The climax of the book comes with “I Fly So Low,” which also marks Gallardo’s most striking use of color. It’s about falling in love with a guy named Mike. Emotion creeps over the body via streaks of red colored pencil, the same red colored pencil as Mike’s hair. Once spoken out loud, the emotion becomes real; suddenly the sensation dominates every waking moment. It’s embarrassing and this dependency creates shame. But then Mike breaks it off and it feels worse. Gallardo’s character wonders, “Sometimes you want nothing and you get nothing and you wonder: Why does it feel so bad?” Her lines appear to have been lifted from her heart directly to the page, without any filter. It’s all alive. [Tim O’Neil]

Comic books can take small, personal events and amplify their dramatic impact with strong visual choices, making them so well-suited for autobiographical material. Georgia Webber’s Dumb #1 & 2 (Retrofit/Big Planet) is one of those small-scale, deeply personal stories, detailing the loss of Webber’s voice and the life changes she needed to enact to regain her vocal health. The first two issues have been reprinted in anticipation of Webber concluding her previously self-published series later this year, and these opening chapters draw the reader into Webber’s experience by finding clever ways to depict her pain and her inner conflict regarding what she needs to do to remedy it.

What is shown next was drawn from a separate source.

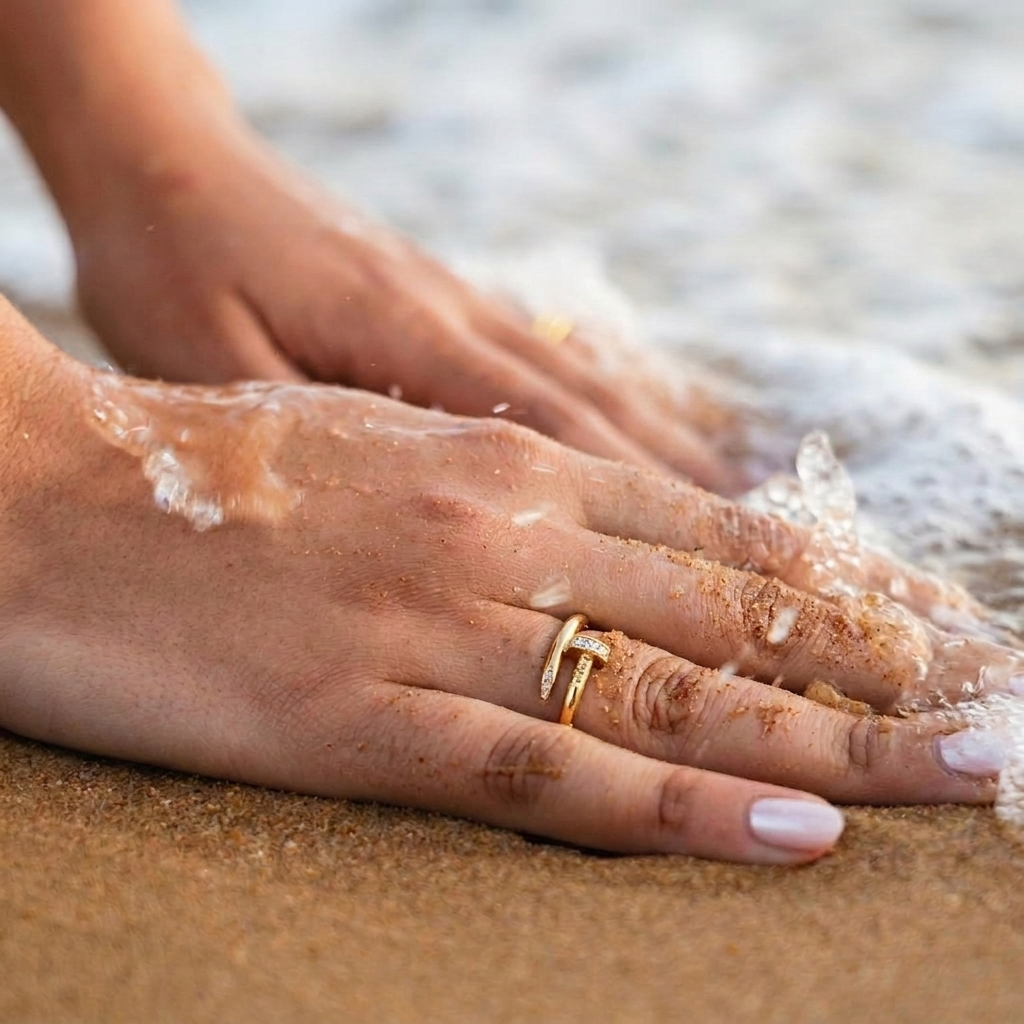 Bague Élégance Deluxe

Color plays an important part in Webber’s story, and while the majority of the artwork is black-and-white, she uses a bright orange to represent speech. The word balloon borders are orange, but she’ll also draw scribbles of orange over an environment to indicate the volume of a space, an important detail when the main character is struggling to have her voice heard. Little stars represent Webber’s pain, first appearing individually around her neck, but gradually increasing in number. A small grouping of stars next to the register at Webber’s workplace is the first indicator that things are getting worse, and Webber’s breaking point is detailed with a two-page splash showing her in a huge bed of stars, grumbling the word “ouch.”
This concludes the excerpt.